◆ What the exercise asks: Any picture in the material should be left out, while all other lines are copied exactly.

◆ Provided data:

● ● ● ● ●

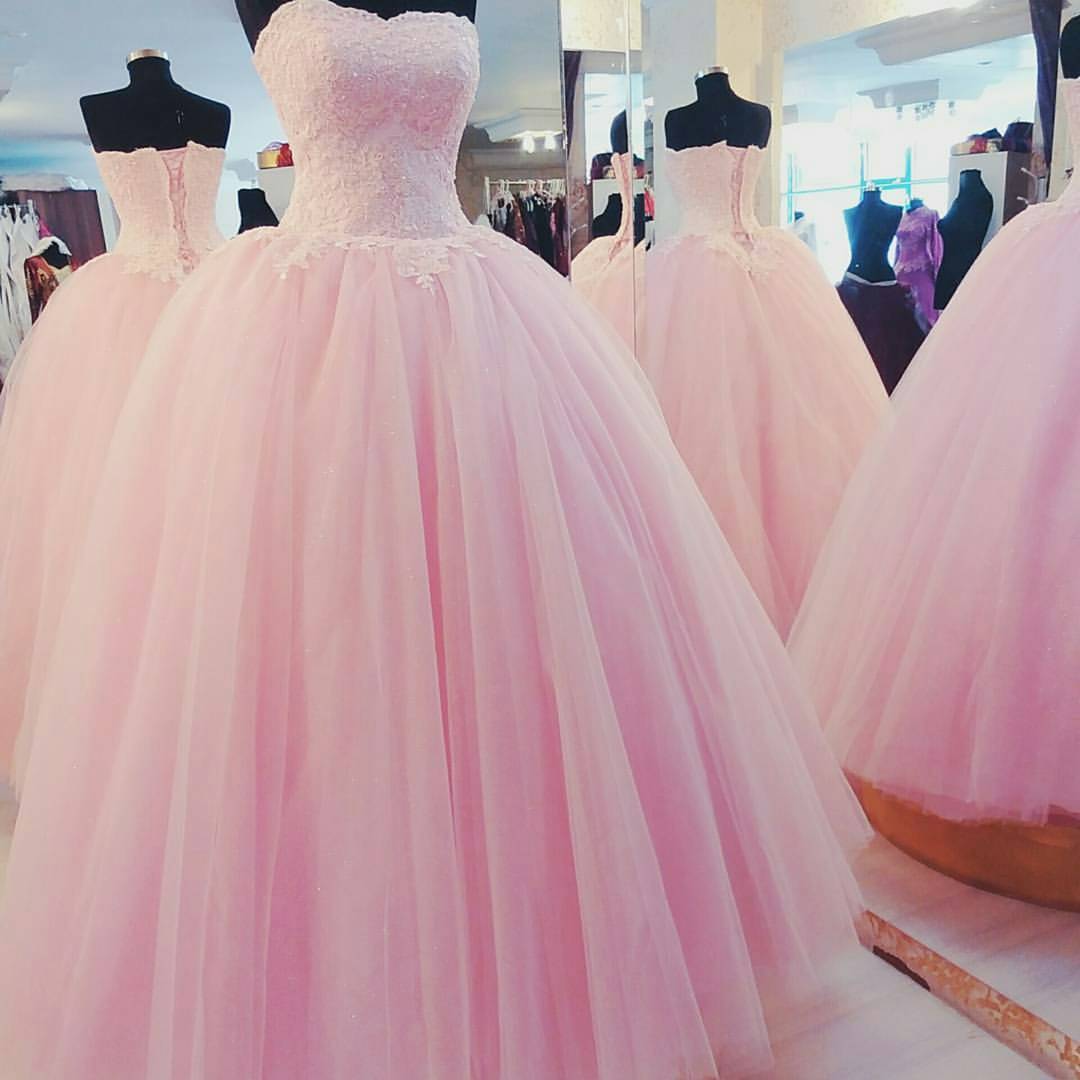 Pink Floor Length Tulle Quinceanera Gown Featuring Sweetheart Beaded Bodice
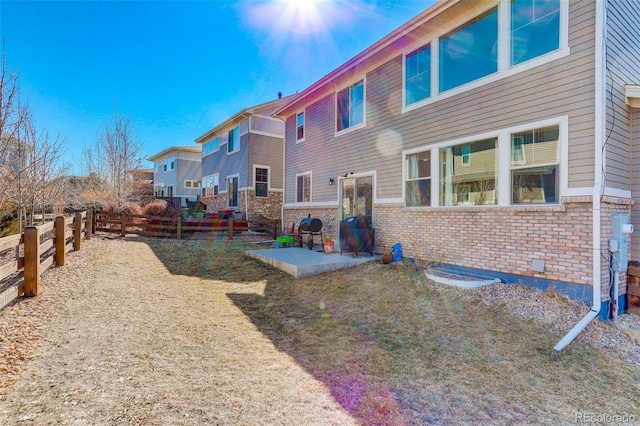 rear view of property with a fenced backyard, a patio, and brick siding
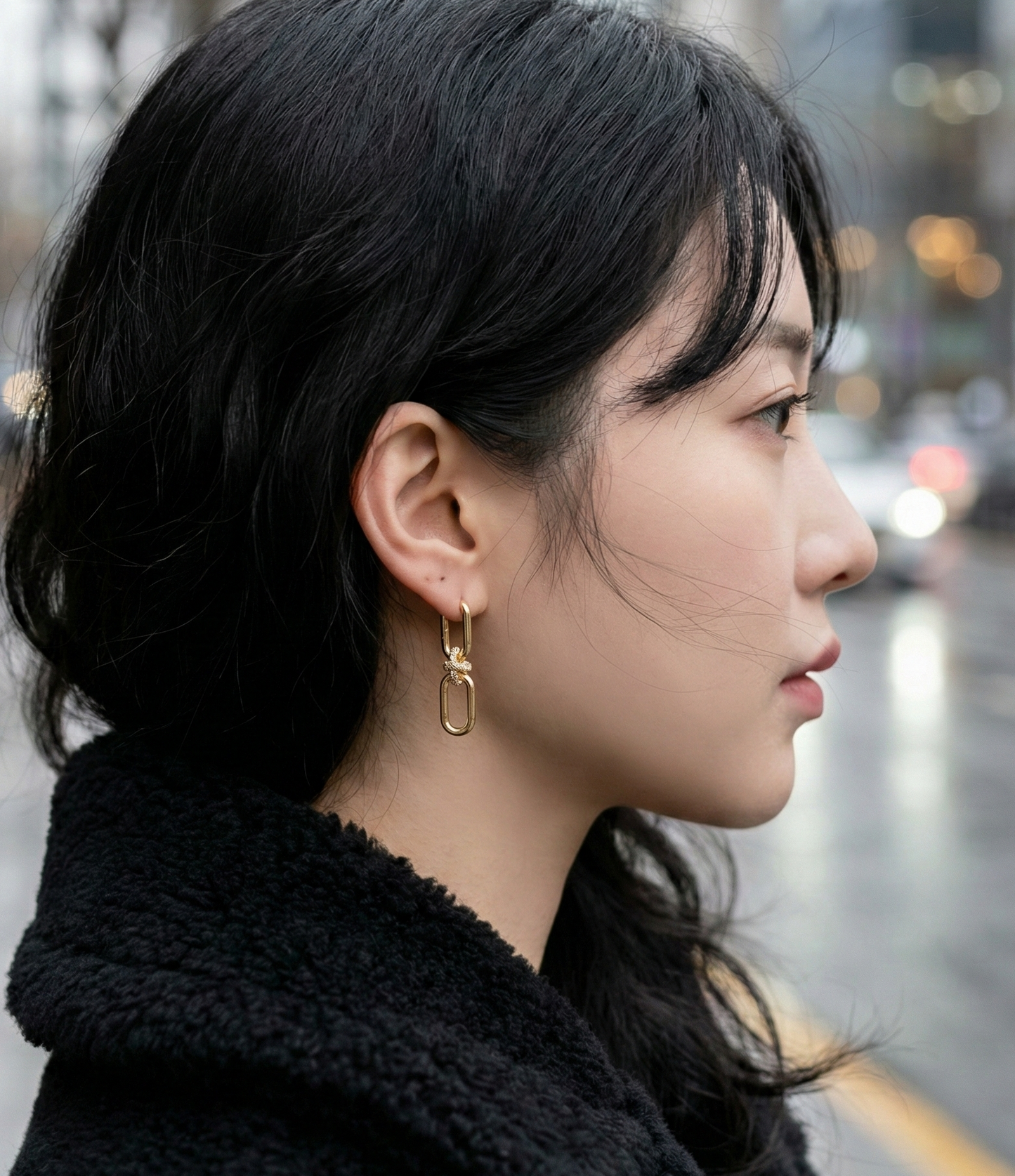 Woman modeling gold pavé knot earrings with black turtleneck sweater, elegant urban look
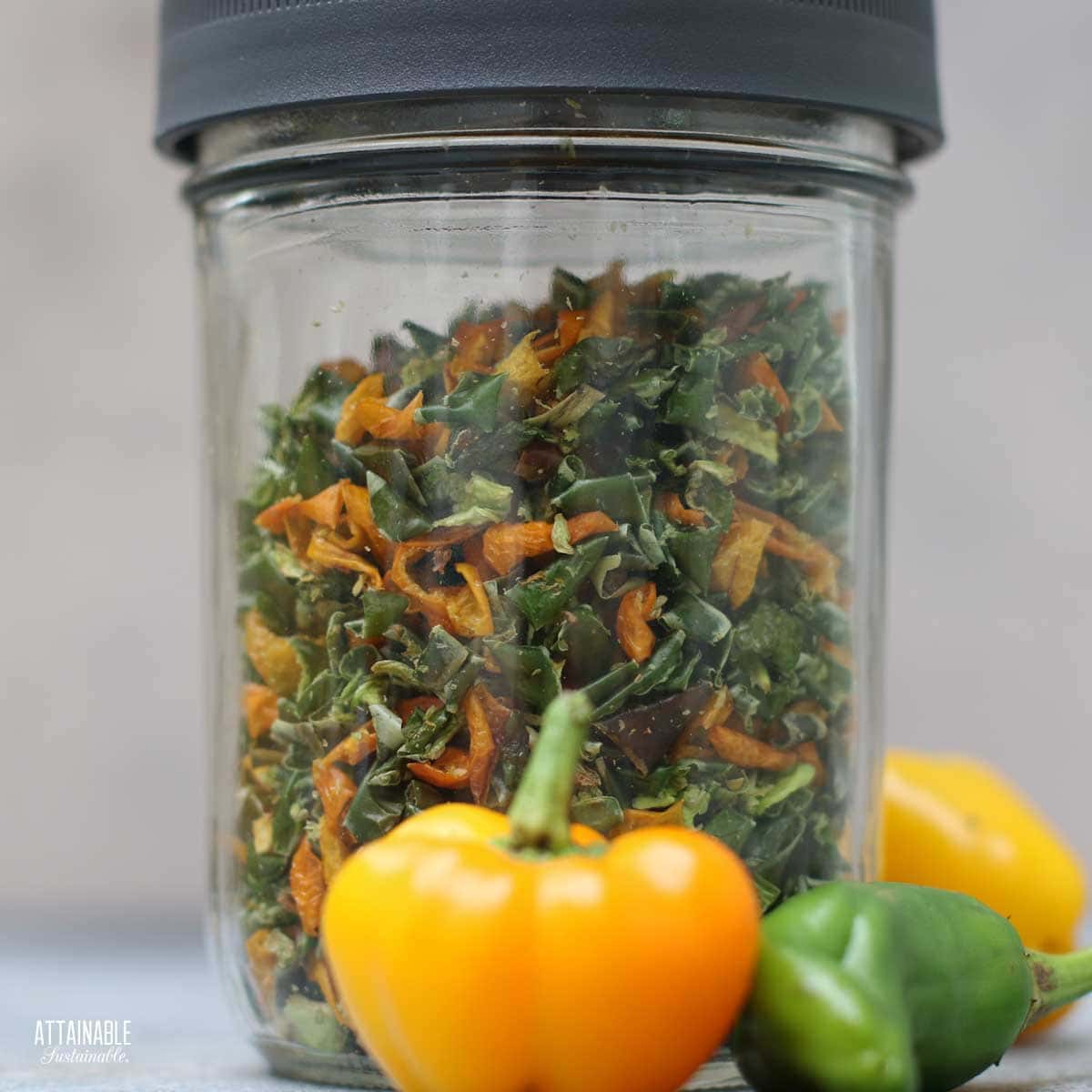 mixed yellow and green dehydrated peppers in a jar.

● ● ● ● ●

◆ Exercise solution:
 Pink Floor Length Tulle Quinceanera Gown Featuring Sweetheart Beaded Bodice
 rear view of property with a fenced backyard, a patio, and brick siding
 Woman modeling gold pavé knot earrings with black turtleneck sweater, elegant urban look
 mixed yellow and green dehydrated peppers in a jar.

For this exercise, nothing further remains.